Propagator D for a particle is basically the Green's function

[NanakiXIII]

The propagator D for a particle is basically the Green's function of the differential operator that describes that particle, e.g.

$$(\partial^2 + m^2) D(x-y) = \delta^4 (x-y).$$

This propagator is supposed to give the probability of the particle propagating from $x$ to $y$. Why does this make sense? Why would the inverse of the differential operator have something to do with probabilities?

 

[jostpuur]

I asked about the same thing some months ago, in the context of non-relativistic Schrödinger equation.

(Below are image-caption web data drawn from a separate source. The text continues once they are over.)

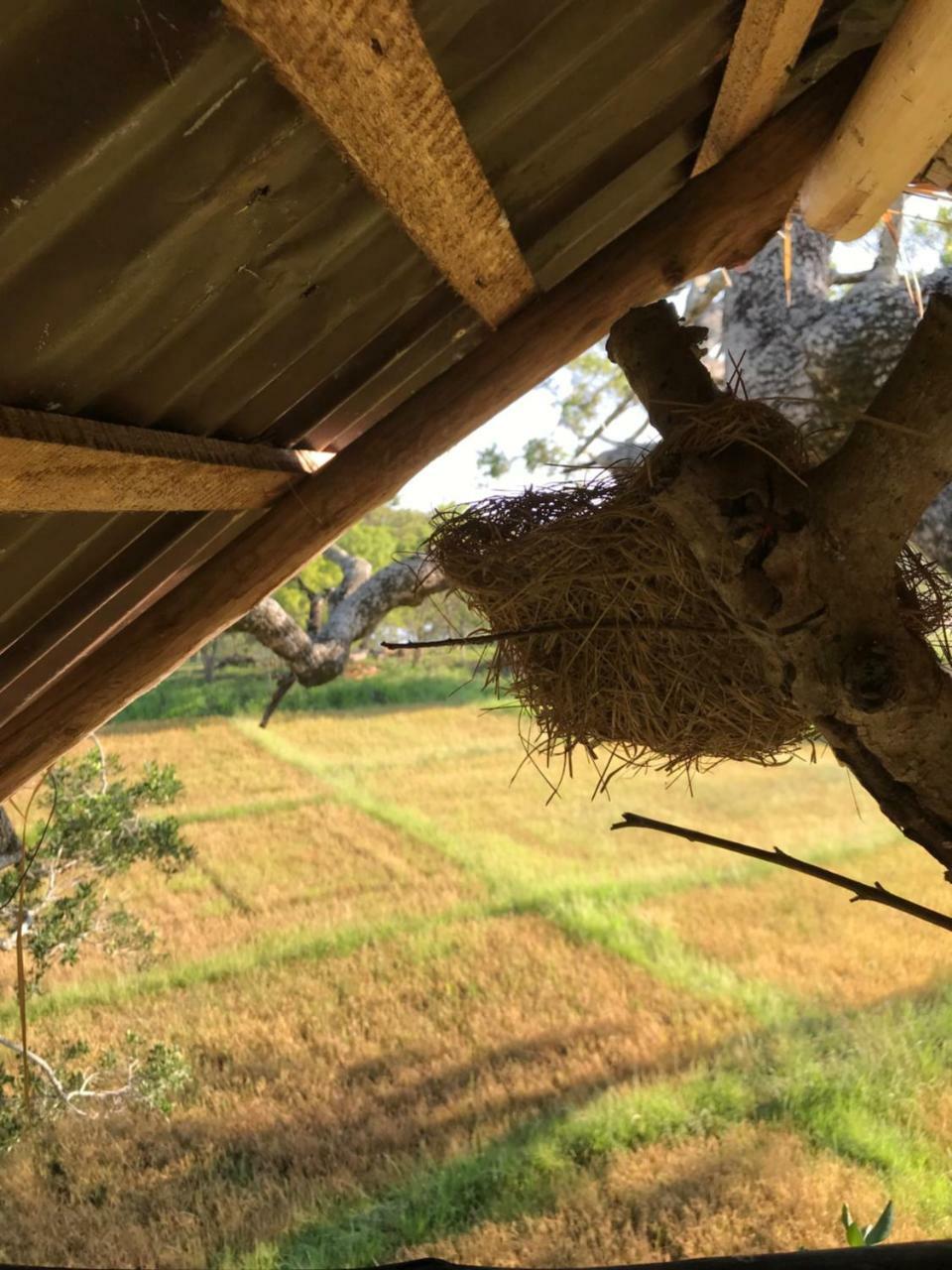 Galapita Eco Lodge Buttala 外观 照片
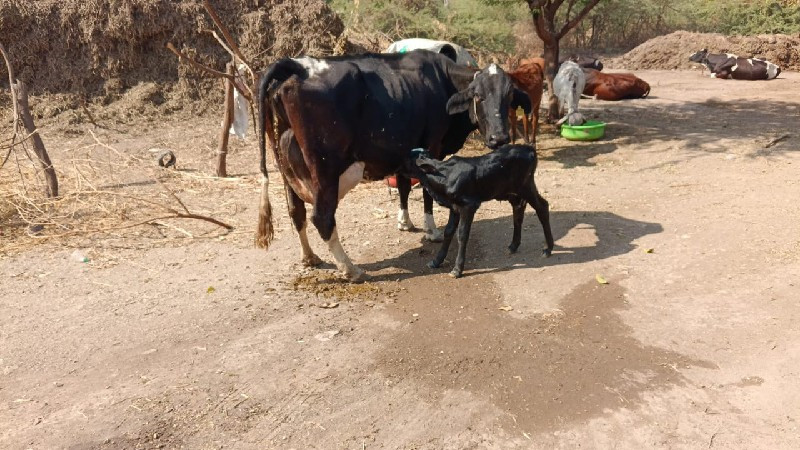 ગાય વેચવાની છે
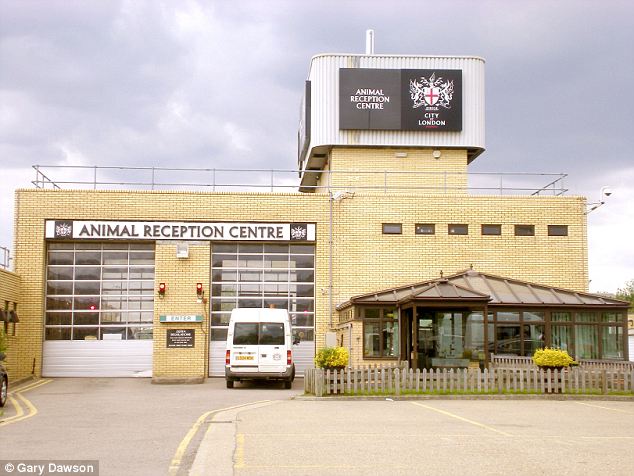 heathrow animal reception centre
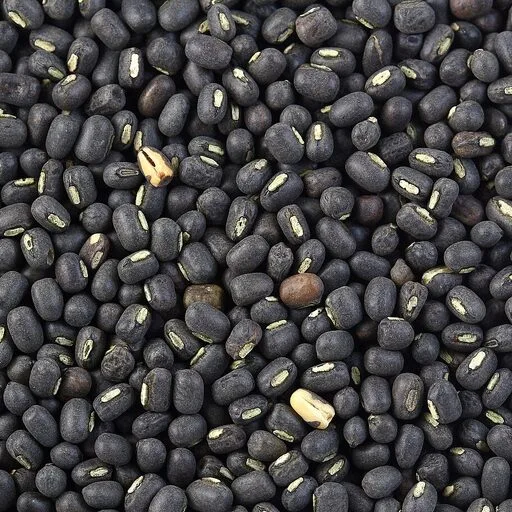 Whole Urad Dāl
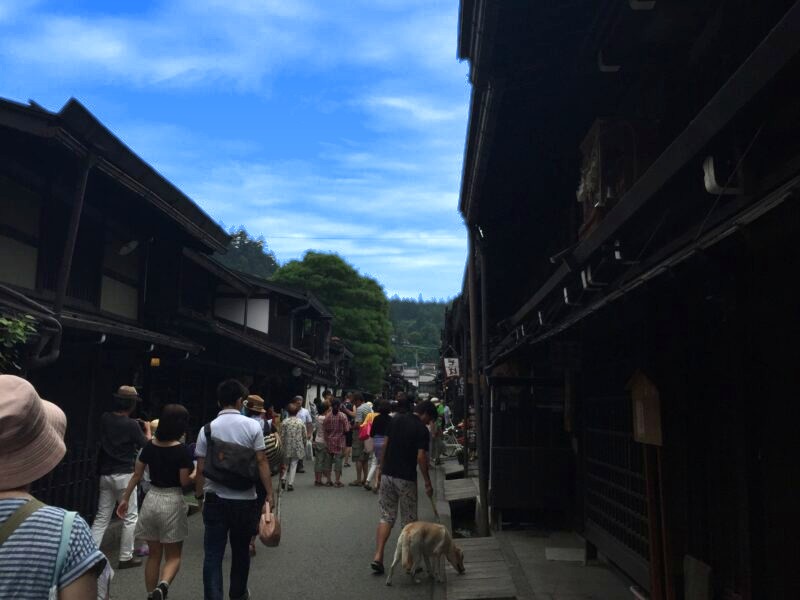 高山の古い町並みを歩く先代のラブラドールめい（2015年）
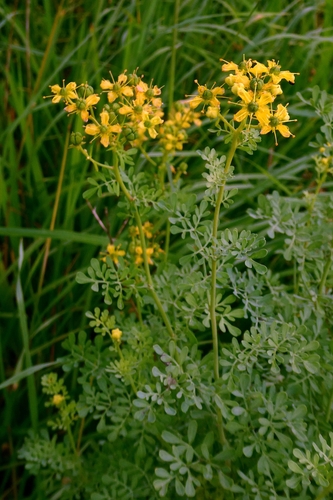 Ruta graveolens
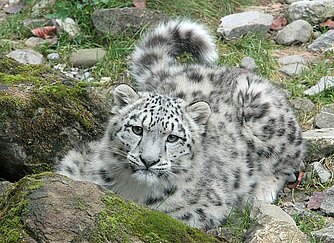 Schneeleopard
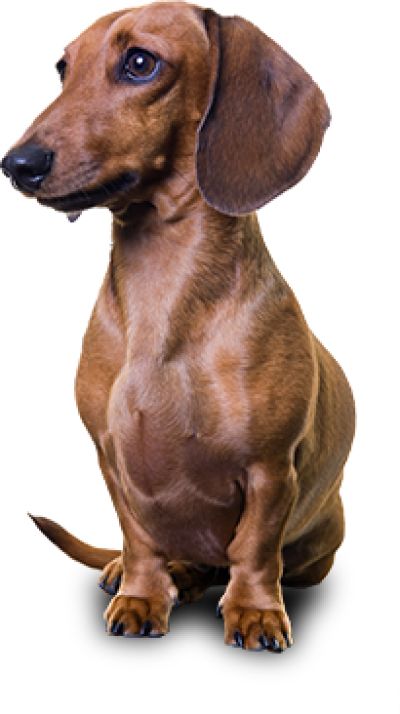 Dachshund PNG    图片编号:72349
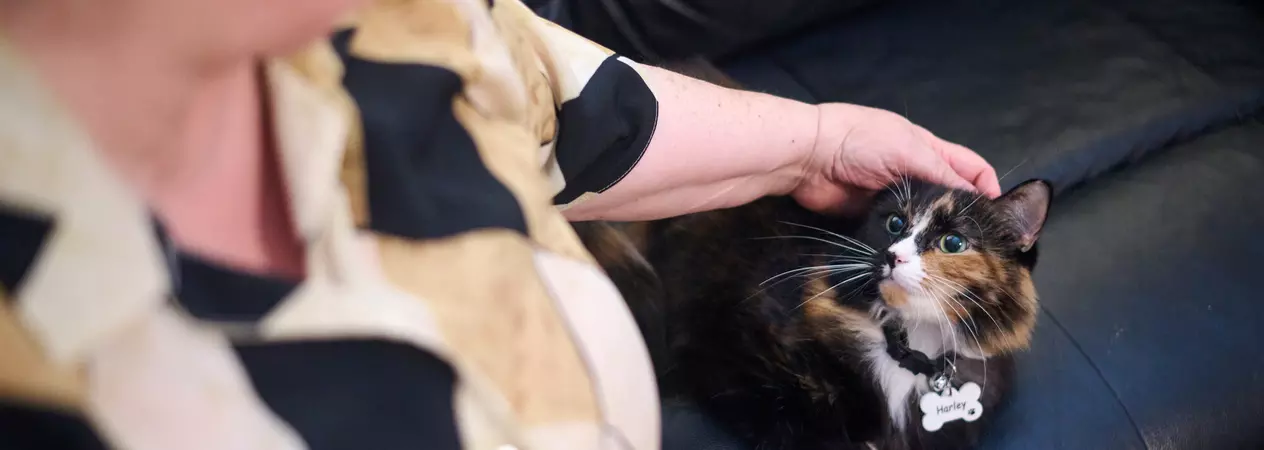 Tortoiseshell cat Harley lies on a dark leather sofa being stroked by her owner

I didn't get an answer yet.

Propagator and delta functions

 

[NanakiXIII]

Your discussion seems to have been a little more in-depth than what I'm looking for. I just need a basic explanation to make it plausible to me that it makes sense. Is it really such a mystery?

 

[The_Duck]

I don't have this completely clear in my mind myself, but I think it's something like this. If

$$(\partial^2 + m^2) \psi = 0$$

then $$\psi$$ describes a wave (particle) propagating freely. If we have some D that satisfies

$$(\partial^2 + m^2) D(x) = \delta (x)$$

then D describes a wave propagating freely everywhere except at x = 0. I imagine that at x = 0 the medium gets hit with a sharp hammer. If D is the retarded propagator, so that D = 0 for t < 0, then we can view this hammer blow as the source of the propagating wave described by D. If D is the advanced propagator, then we can view the hammer blow as absorbing the wave. And the Feynman propagator would be half and half.

If D is the retarded propagator, then it describes a wave (particle) propagating out from x = 0. D(x) for any x > 0 is the amplitude of the wave at x, so it's the amplitude (not the probability) for the particle to go from 0 to x.

I may have this all wrong though; someone please correct me if I do!

 

[NanakiXIII]

I hadn't considered looking at $D$ itself as a shape for the field, but that might just make sense. Thanks.

 

[NanakiXIII]

Thanks for trying to answer my question. There are a couple of things that don't make sense to me, though.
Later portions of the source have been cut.